▸ Extracted records
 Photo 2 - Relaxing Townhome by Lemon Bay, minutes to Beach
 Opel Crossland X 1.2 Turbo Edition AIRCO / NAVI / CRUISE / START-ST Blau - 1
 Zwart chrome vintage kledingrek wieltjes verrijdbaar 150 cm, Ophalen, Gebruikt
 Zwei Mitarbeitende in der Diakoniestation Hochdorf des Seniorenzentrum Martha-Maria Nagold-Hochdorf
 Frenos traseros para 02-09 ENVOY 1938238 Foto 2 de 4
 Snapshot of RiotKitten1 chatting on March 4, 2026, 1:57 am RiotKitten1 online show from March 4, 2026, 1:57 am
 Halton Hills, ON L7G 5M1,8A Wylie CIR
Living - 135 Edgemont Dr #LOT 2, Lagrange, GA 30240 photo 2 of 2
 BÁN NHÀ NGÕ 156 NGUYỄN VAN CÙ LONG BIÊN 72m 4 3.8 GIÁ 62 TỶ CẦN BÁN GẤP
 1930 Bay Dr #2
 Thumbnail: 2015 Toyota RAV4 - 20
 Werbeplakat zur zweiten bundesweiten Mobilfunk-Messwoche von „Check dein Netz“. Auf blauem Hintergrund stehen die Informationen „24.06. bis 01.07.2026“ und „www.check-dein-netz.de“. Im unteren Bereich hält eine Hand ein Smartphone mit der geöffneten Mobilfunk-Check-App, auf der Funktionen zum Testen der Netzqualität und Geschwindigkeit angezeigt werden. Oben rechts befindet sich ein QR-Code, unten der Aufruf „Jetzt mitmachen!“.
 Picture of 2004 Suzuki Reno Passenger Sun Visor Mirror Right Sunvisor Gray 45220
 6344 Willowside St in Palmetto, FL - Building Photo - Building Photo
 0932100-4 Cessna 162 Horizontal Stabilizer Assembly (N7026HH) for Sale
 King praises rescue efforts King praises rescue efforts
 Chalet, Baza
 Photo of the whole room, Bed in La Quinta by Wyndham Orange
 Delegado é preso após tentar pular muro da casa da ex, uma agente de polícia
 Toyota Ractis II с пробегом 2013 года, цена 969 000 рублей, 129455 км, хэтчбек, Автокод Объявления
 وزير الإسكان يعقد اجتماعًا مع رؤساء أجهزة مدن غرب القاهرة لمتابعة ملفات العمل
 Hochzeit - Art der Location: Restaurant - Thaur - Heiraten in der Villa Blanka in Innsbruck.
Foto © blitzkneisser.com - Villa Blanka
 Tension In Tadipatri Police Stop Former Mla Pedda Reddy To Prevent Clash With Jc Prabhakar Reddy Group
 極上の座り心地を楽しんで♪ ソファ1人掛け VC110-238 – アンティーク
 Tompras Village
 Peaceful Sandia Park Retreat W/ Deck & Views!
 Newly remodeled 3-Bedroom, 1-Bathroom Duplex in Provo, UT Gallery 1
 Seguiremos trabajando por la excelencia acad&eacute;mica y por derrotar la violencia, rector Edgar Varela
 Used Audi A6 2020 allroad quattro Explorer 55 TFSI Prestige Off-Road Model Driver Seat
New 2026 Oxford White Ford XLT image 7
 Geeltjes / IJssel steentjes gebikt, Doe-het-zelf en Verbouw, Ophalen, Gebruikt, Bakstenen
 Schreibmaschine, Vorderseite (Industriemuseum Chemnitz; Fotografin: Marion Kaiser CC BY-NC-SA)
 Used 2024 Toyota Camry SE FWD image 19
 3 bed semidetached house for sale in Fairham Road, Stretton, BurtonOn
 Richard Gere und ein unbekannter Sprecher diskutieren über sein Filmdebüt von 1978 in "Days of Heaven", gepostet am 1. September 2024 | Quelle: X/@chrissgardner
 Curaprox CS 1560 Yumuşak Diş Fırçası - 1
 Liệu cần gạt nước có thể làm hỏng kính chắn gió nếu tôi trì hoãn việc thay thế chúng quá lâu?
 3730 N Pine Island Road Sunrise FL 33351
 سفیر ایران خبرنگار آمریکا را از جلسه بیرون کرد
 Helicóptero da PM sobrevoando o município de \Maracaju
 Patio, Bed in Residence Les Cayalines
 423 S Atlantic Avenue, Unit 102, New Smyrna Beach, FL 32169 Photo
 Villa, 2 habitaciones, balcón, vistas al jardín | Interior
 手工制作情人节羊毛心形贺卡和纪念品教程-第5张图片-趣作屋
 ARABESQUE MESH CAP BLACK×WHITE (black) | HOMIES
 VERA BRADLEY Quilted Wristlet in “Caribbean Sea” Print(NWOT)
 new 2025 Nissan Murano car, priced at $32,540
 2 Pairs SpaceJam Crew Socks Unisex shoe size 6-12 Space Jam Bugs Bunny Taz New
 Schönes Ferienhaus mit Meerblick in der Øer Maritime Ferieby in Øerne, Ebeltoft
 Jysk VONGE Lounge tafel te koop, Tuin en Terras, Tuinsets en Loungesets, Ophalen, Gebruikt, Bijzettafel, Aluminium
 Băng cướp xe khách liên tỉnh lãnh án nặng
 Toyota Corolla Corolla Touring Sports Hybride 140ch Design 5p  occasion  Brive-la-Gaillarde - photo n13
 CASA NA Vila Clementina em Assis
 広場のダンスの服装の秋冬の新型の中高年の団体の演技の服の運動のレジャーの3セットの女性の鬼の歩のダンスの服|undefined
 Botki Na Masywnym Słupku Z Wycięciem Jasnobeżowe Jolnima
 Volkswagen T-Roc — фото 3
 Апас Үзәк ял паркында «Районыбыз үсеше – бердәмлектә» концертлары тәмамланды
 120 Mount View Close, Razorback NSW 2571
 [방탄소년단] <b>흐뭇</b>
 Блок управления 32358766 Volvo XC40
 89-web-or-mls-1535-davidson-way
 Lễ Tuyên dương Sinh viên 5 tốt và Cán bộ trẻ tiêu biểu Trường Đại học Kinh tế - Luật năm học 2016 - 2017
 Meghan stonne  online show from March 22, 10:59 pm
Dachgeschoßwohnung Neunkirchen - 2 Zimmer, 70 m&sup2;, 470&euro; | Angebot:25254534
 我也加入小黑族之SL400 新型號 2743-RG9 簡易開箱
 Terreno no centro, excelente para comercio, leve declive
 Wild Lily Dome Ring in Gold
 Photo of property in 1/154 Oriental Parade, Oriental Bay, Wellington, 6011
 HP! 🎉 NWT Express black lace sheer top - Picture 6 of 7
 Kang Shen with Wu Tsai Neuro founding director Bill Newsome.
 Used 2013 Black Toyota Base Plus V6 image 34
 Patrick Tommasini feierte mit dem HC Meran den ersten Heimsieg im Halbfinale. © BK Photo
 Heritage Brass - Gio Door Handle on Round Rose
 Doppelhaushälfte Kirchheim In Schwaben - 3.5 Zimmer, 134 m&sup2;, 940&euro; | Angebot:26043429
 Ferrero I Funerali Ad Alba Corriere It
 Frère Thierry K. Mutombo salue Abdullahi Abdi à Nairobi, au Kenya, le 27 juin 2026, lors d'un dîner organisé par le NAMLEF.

▸ What is expected
Counting only lines that hold the word "Used", state how many the material contains, and add nothing.

▸ Answer space
3